### Aim of the exercise
Would you write out the listing verbatim and skip every picture in it?

### Given information
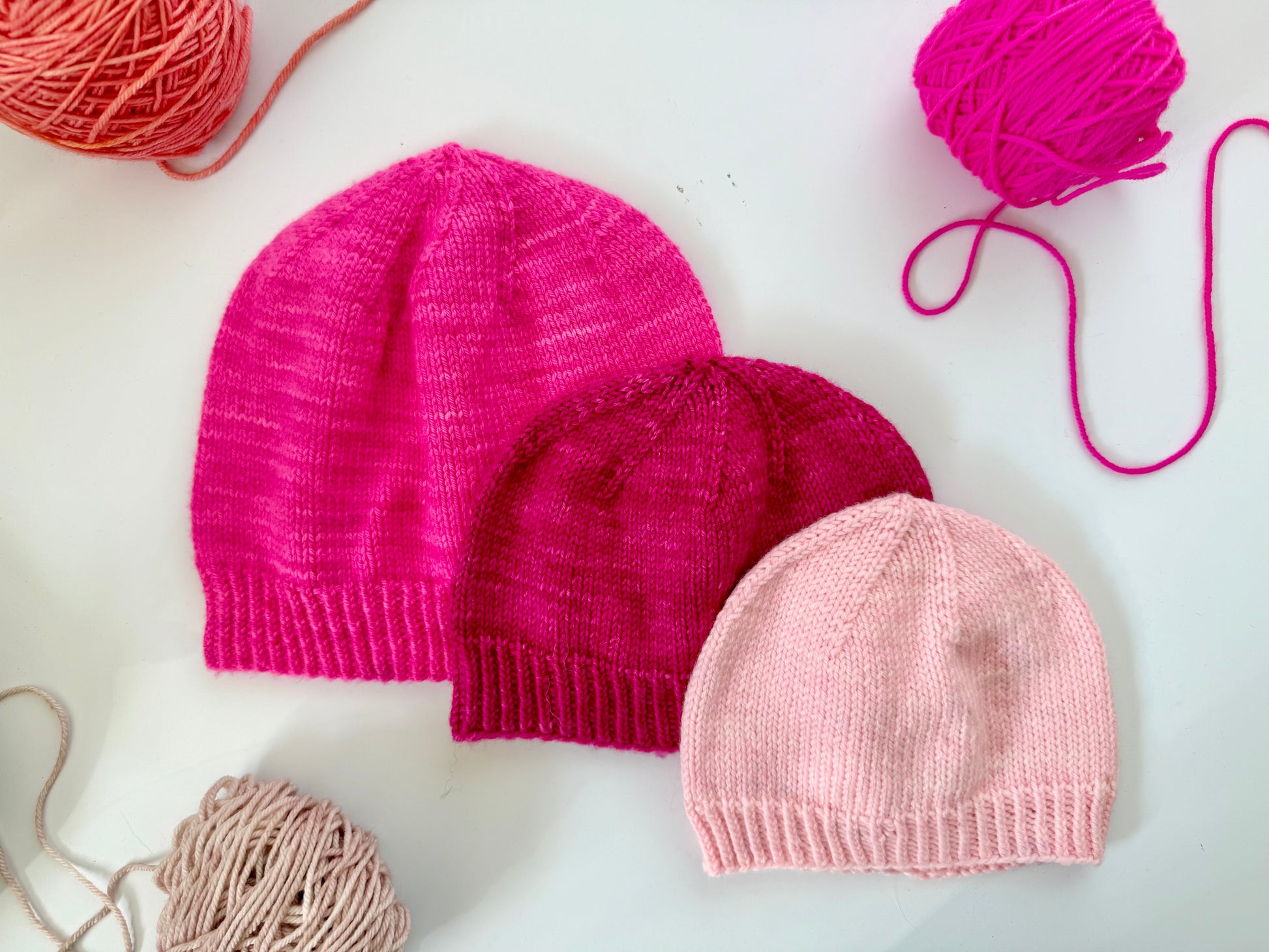 Base Doodle Beanie - DK - Pattern Brochure Wooly Owl Fibers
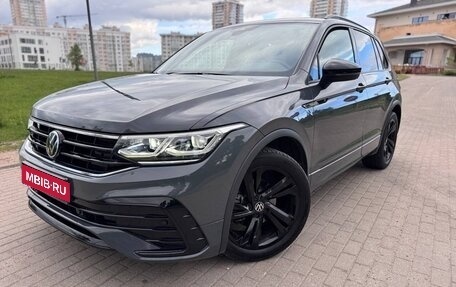 Volkswagen Tiguan II, 2022 год, 2 600 000 рублей, 1 фотография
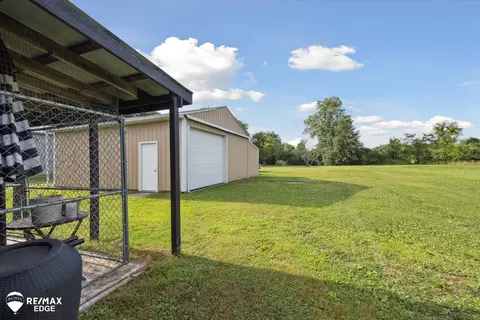 Exterior - 7236 Lapeer, Davison, MI 48423 photo 13 of 15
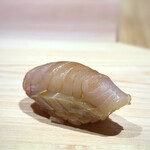 鮨仙八 - ◆鰆（玉葱醬油漬け）・・鰆の旨味と玉葱醬油の旨味が重なり美味しいですね。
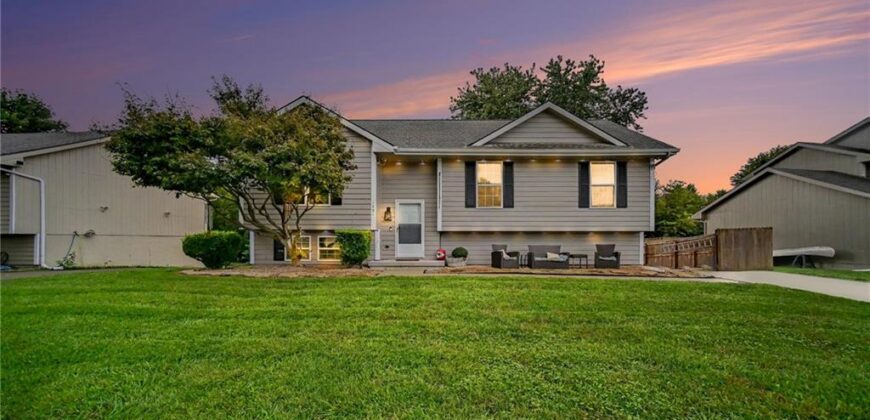 1001 NE 194th Terrace, Smithville, MO 64089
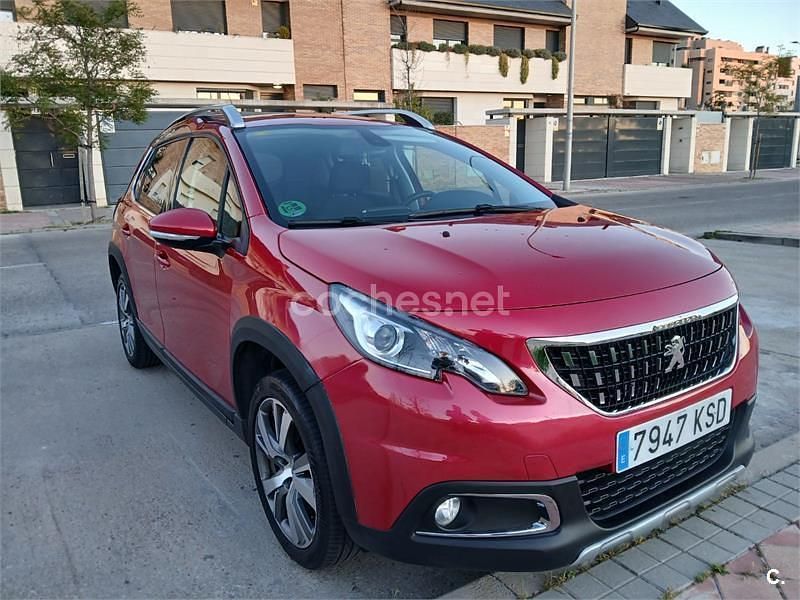 Usado Peugeot 2008 Allure 130 CV (95 kW) 2018 Granate SUV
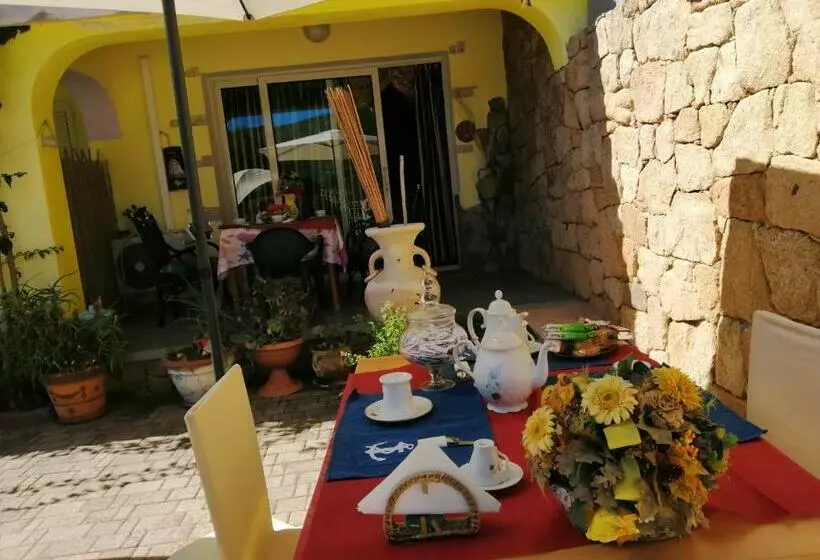 تختخواب و صبحانه La Finestra Sul Mare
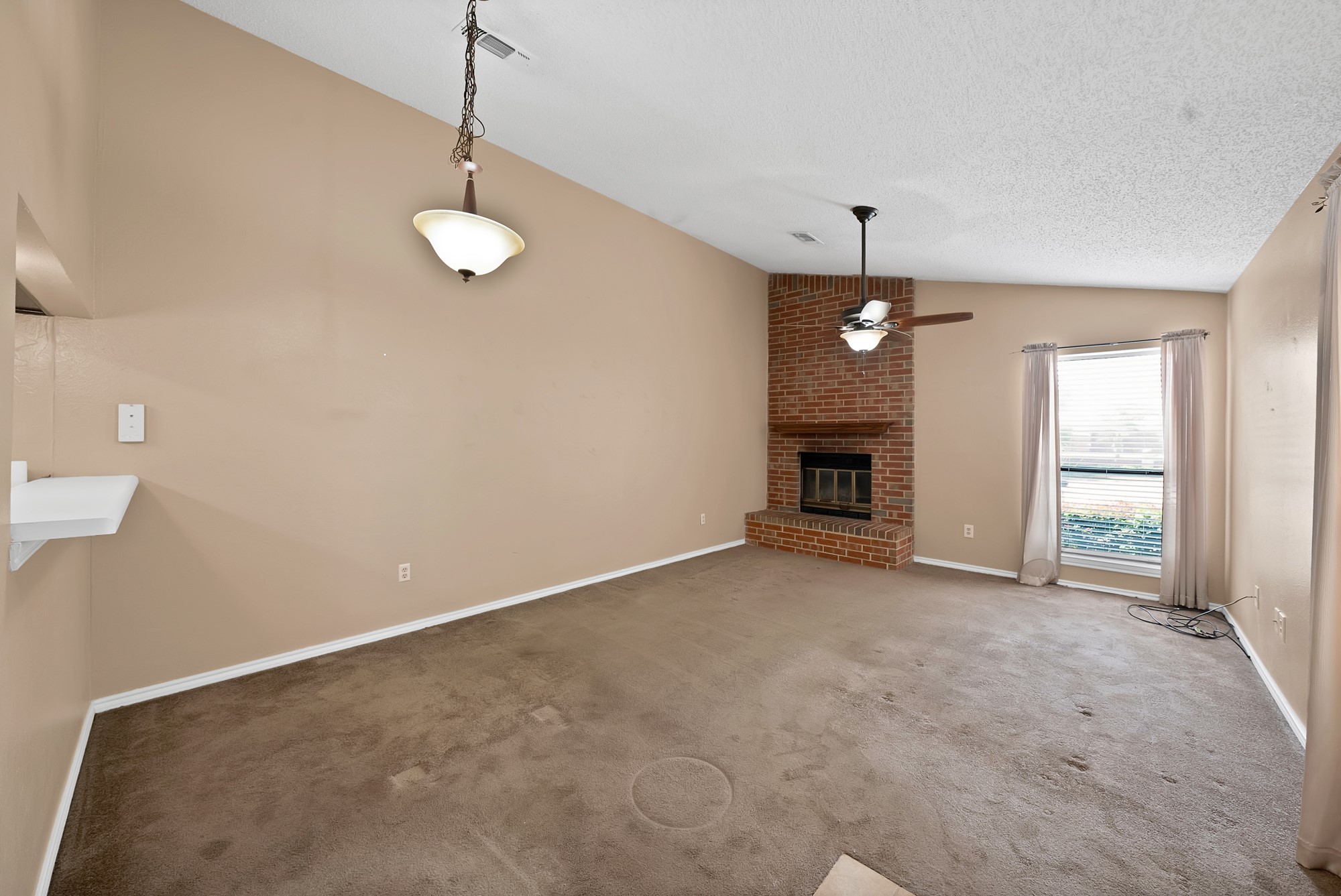 935 Cedarland Boulevard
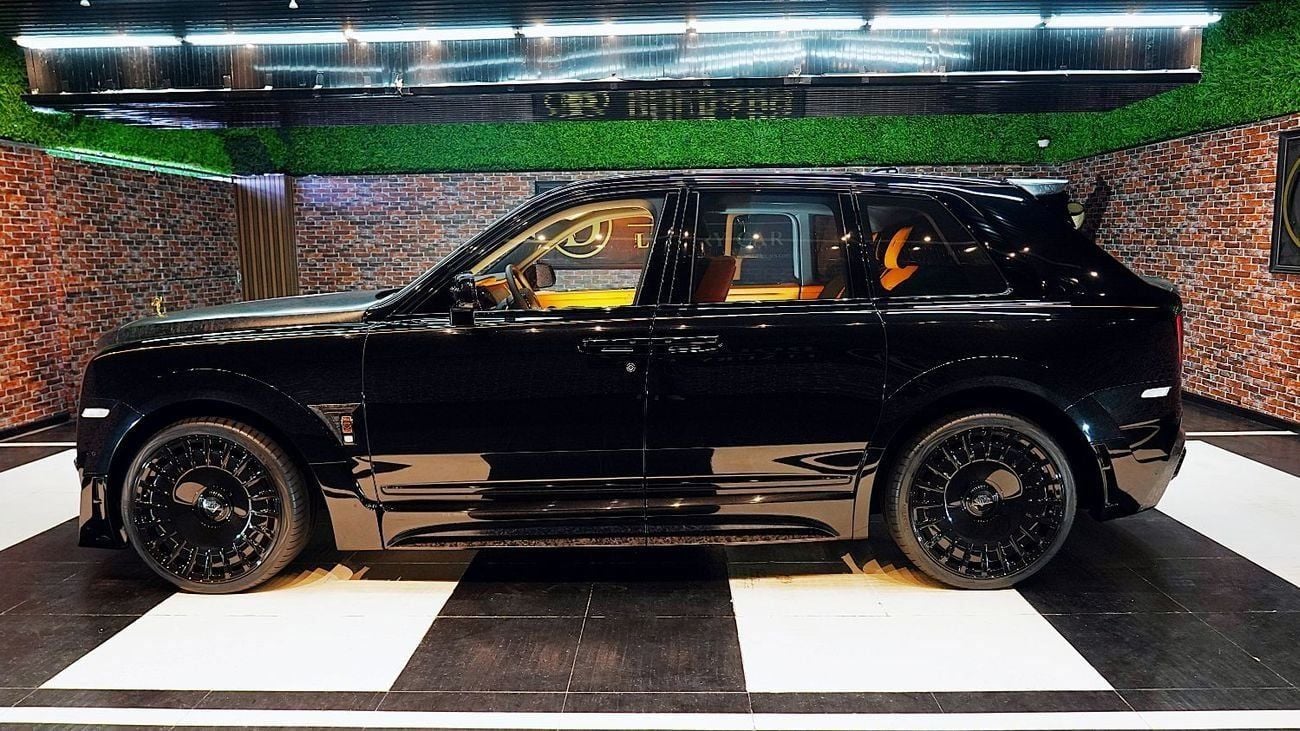 Rolls-Royce Onyx Cullinan | LIMITED OFFER | GOLD SPIRIT OF ECSTASY | NEW | 2024 | 563 HP | 3-YR WARRANTY AND SERVICE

### Solution for this exercise
 Base Doodle Beanie - DK - Pattern Brochure Wooly Owl Fibers
 Volkswagen Tiguan II, 2022 год, 2 600 000 рублей, 1 фотография
 Exterior - 7236 Lapeer, Davison, MI 48423 photo 13 of 15
 鮨仙八 - ◆鰆（玉葱醬油漬け）・・鰆の旨味と玉葱醬油の旨味が重なり美味しいですね。
 1001 NE 194th Terrace, Smithville, MO 64089
 Usado Peugeot 2008 Allure 130 CV (95 kW) 2018 Granate SUV
 تختخواب و صبحانه La Finestra Sul Mare
 935 Cedarland Boulevard
 Rolls-Royce Onyx Cullinan | LIMITED OFFER | GOLD SPIRIT OF ECSTASY | NEW | 2024 | 563 HP | 3-YR WARRANTY AND SERVICE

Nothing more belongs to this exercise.